# De Bloating



## skategeezer

Here is a short list of apps I have been able to freeze safely using Bloat Freezer Free.

411 Search
AccuWeather.com
Amazon Kindle
Analog Dual Clock
Analogclock3
Analogclock4
Android Wallpapers
Backup Assistant
Blockbuster
Books
Browser (if you want to load another browser) like Boat Browser
City ID
Digital clock
Digital dual clock
Email (if you want to disable and use another email app)
Guided Tour
Home Screen Tips
Live Wallpapers picker
Memo
Messaging (If you want to use another SMS app)
My Files (to use a root enabled file manager)
NFL Mobile
NFS Shift
Sync service
SyncMLSvc
V Cast All of them
Verizon Single Sign-on Engine
VVMService
VZ Navigator

If you find more to add please do.


----------



## DemoManMLS

Thanks for posting that list. Is there a sure fire program out there that can help me uninstall this stuff better? I got the pre-install apps backed up via Titanium Backup in case I need them back but I'd like to use something that can clearly show me the actual name of the program instead of the file name method delete I've done in the past via Root Explorer. I think I got most of the unwanted stuff off such as City ID, the VCast junk, and what seems like 10,000 clocks for instance.


----------



## knightcrusader

Awesome. I'll use this list to create a system image with those programs completely gone.


----------



## skategeezer

DemoManMLS said:


> Thanks for posting that list. Is there a sure fire program out there that can help me uninstall this stuff better? I got the pre-install apps backed up via Titanium Backup in case I need them back but I'd like to use something that can clearly show me the actual name of the program instead of the file name method delete I've done in the past via Root Explorer. I think I got most of the unwanted stuff off such as City ID, the VCast junk, and what seems like 10,000 clocks for instance.

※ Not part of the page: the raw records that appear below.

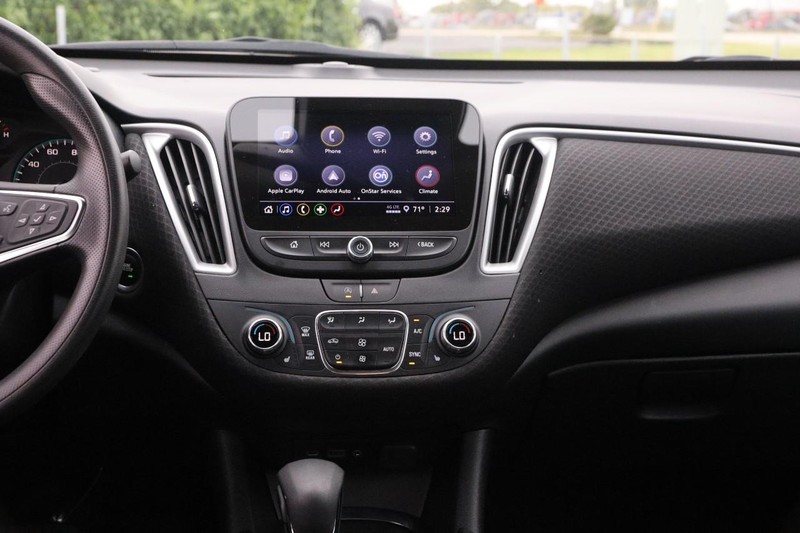 Chevrolet Malibu Vehicle Image 22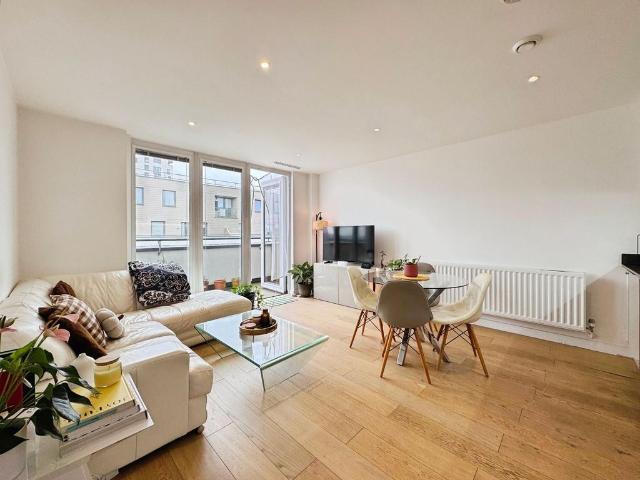 Flat for sale in Kingsbury, Greater London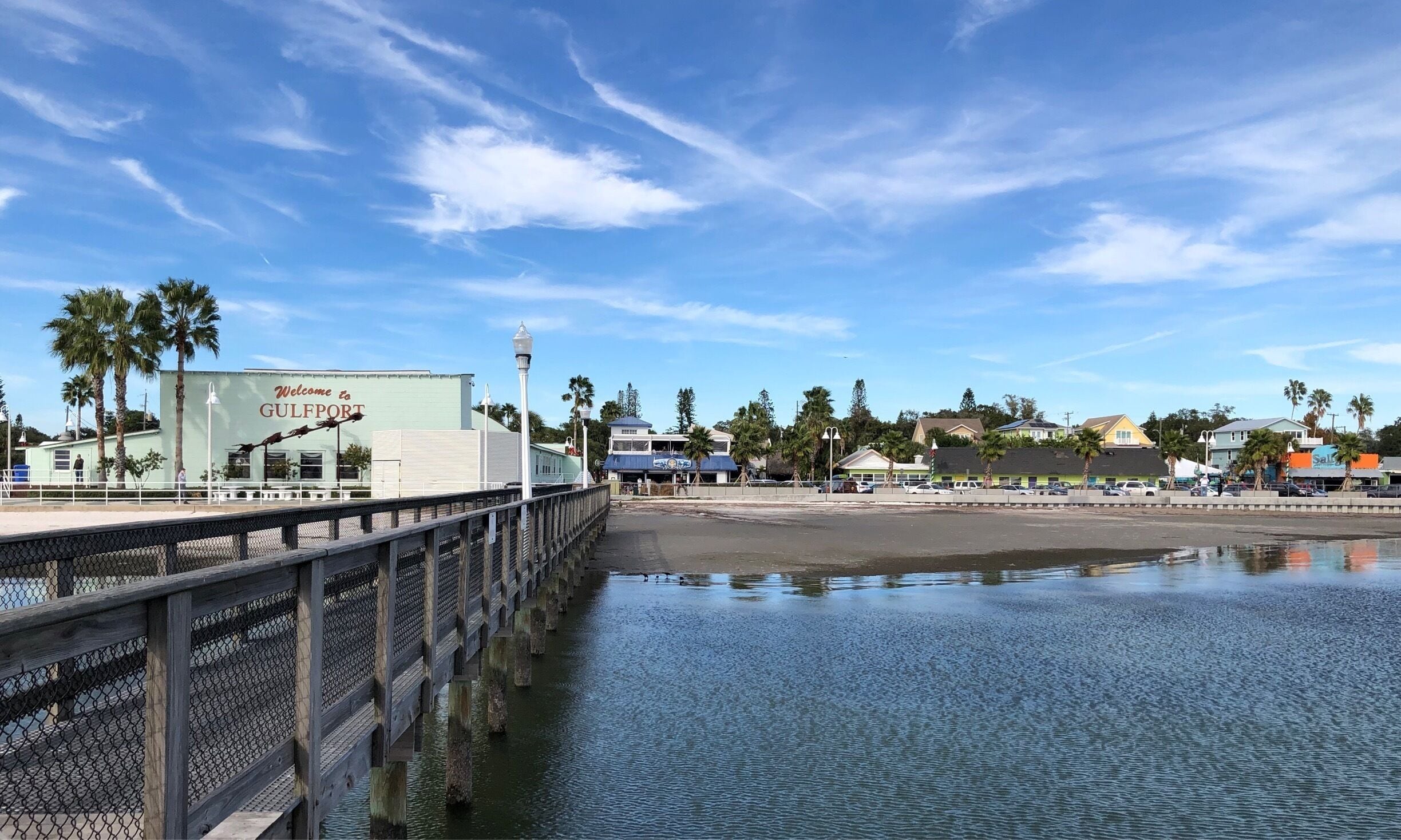 Located on the Boca Ciega Bay with a nice beach and long fishing pier. Take in the scenery or photograph the colourful buildings and homes that sit on tree-covered streets in Gulfport. 

#pier #beach #Gulfport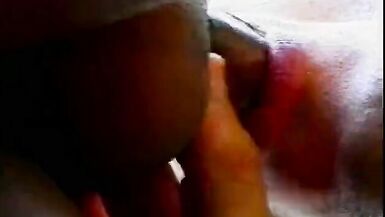 Jardineiro fode um trans no local de trabalho - 7 image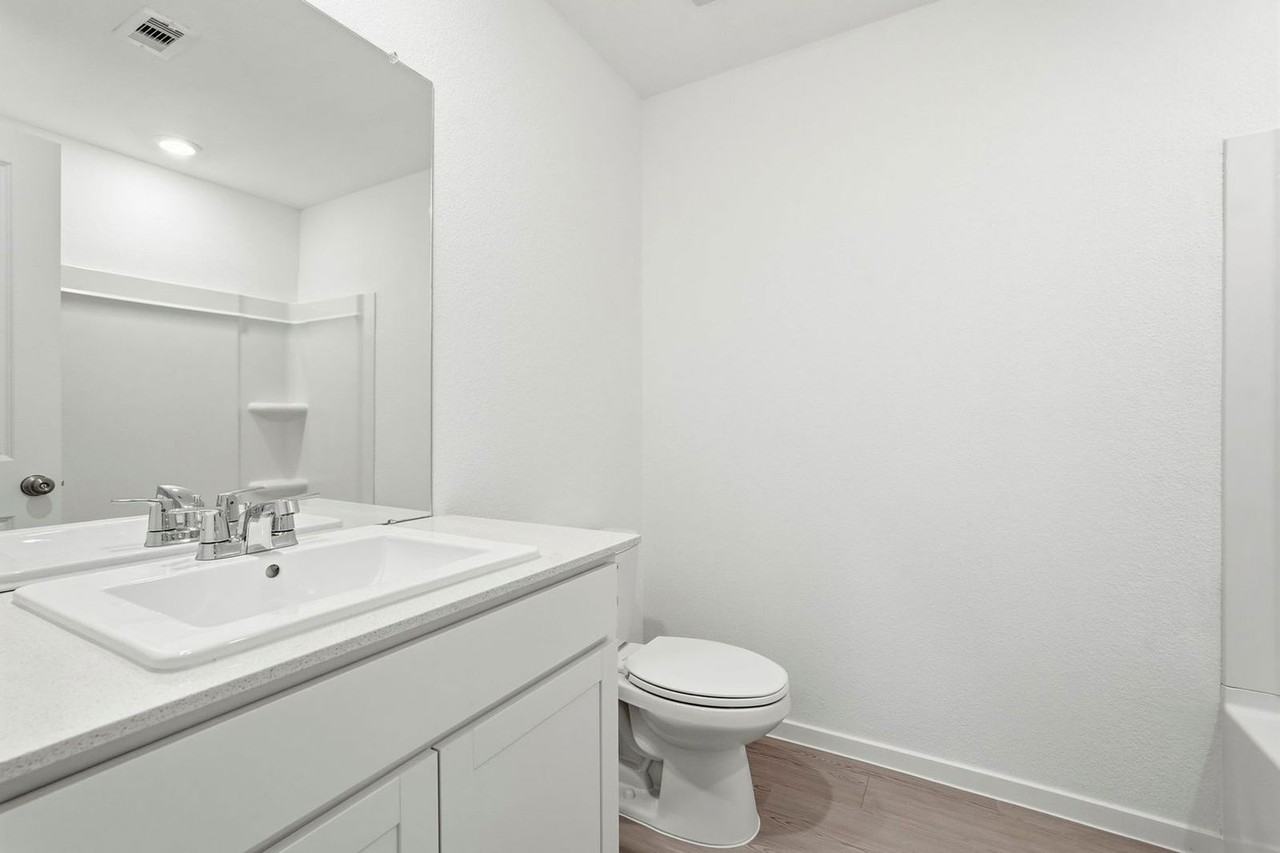 2821 Cedar Rock St - Photo 6 of 25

I used bloat freezer free.


----------



## skategeezer

knightcrusader said:


> Awesome. I'll use this list to create a system image with those programs completely gone.


Hit me up on pm. I would like to help you with that. Also want to get ext4 and voodoo sound modules into the kernel.


----------



## DemoManMLS

skategeezer said:


> I used bloat freezer free.


I'm talking about getting rid of the bloatware out of the system memory after I've backed it up via Titanium Backup.


----------



## skategeezer

DemoManMLS said:


> I'm talking about getting rid of the bloatware out of the system memory after I've backed it up via Titanium Backup.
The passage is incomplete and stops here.